| SUPPLIED RECORDS |

################

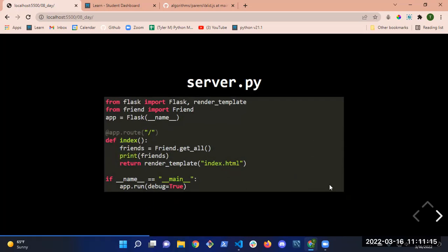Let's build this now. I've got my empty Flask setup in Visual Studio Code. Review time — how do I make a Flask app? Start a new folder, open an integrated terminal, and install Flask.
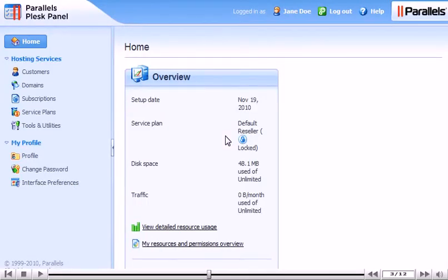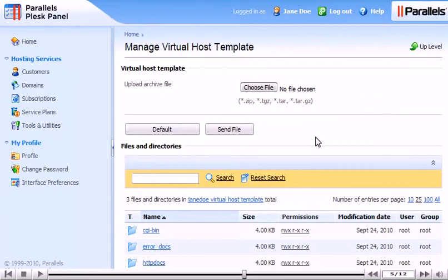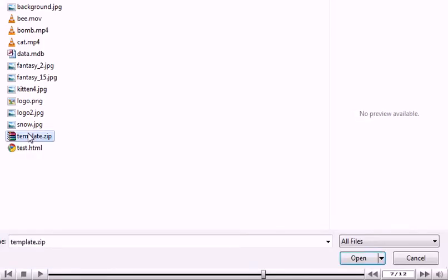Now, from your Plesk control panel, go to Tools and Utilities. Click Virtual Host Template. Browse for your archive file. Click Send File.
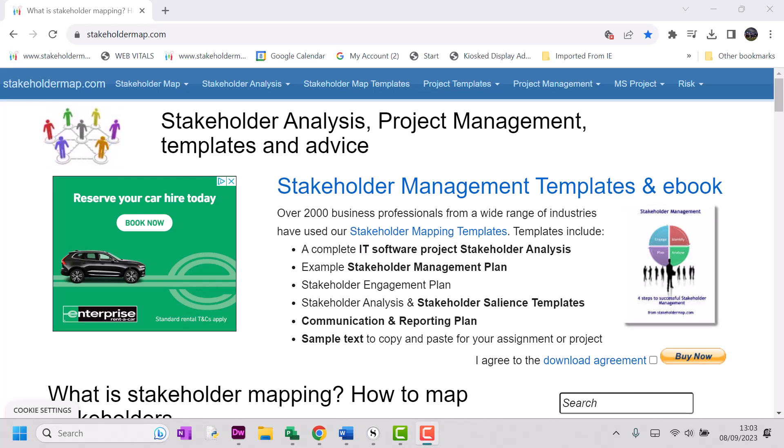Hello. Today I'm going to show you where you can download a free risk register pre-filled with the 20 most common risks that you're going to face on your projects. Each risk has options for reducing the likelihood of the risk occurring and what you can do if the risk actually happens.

################

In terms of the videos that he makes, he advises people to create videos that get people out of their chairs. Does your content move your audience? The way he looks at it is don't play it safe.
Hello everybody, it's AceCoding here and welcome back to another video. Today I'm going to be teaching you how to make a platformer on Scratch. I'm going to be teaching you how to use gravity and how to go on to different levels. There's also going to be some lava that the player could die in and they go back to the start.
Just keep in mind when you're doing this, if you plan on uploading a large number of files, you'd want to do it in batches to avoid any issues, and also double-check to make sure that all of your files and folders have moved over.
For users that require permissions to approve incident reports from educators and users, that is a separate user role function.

################

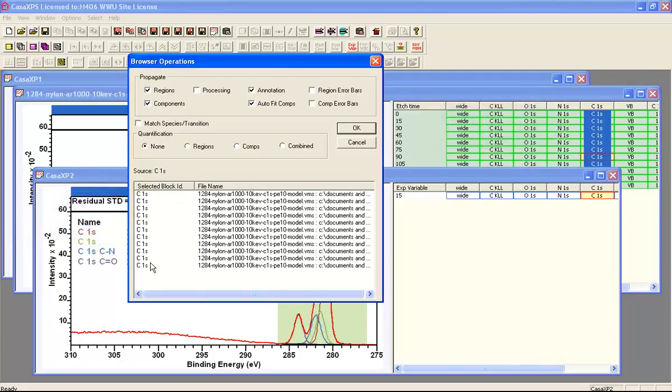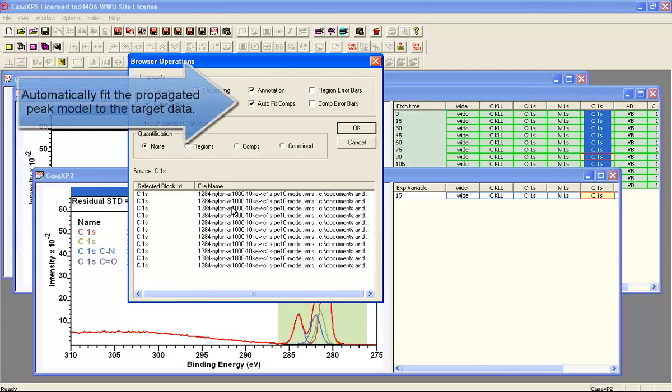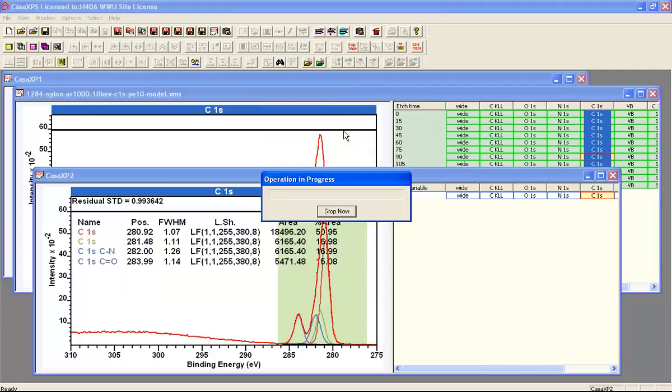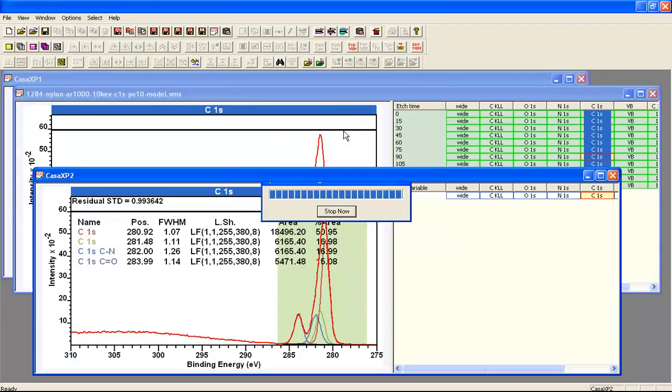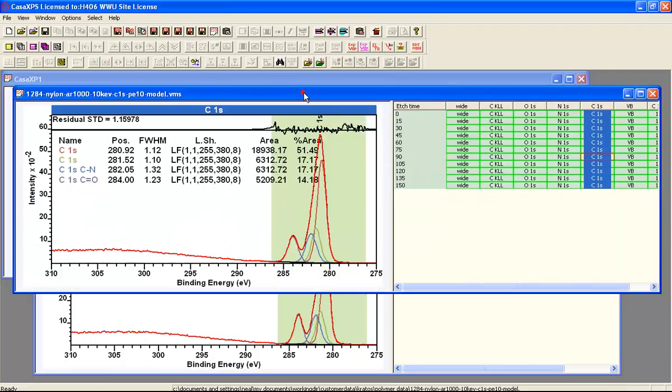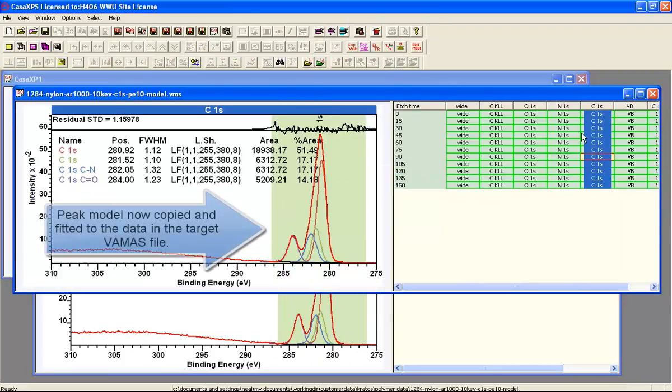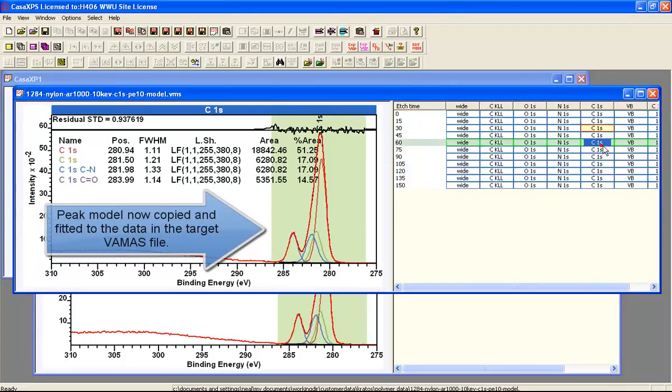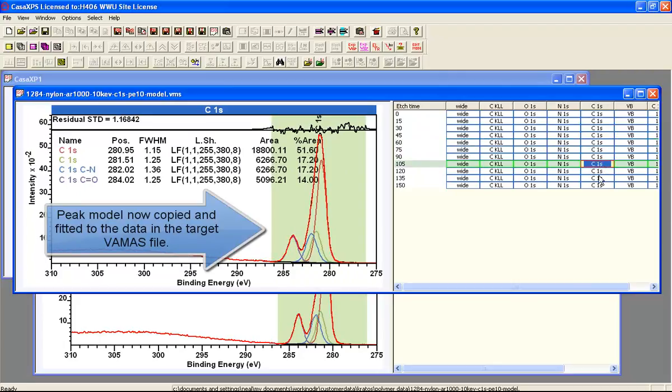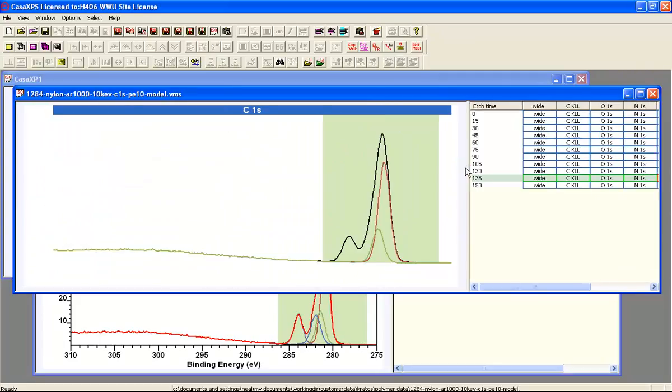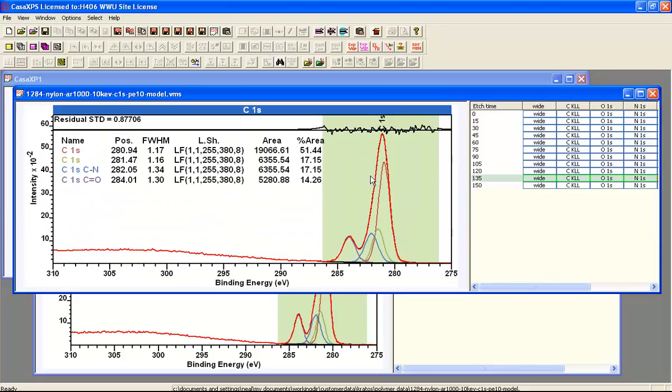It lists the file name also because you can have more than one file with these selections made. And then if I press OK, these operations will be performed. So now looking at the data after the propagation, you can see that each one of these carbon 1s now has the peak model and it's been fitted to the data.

################

| EXERCISE BRIEF |
When copying from the data above, begin at the line containing "Now, from your" and end at the line containing "Hello. Today I'm"; return those lines exactly and leave all pictures behind.

| TASK ANSWER |
Now, from your Plesk control panel, go to Tools and Utilities. Click Virtual Host Template. Browse for your archive file. Click Send File.
Hello. Today I'm going to show you where you can download a free risk register pre-filled with the 20 most common risks that you're going to face on your projects. Each risk has options for reducing the likelihood of the risk occurring and what you can do if the risk actually happens.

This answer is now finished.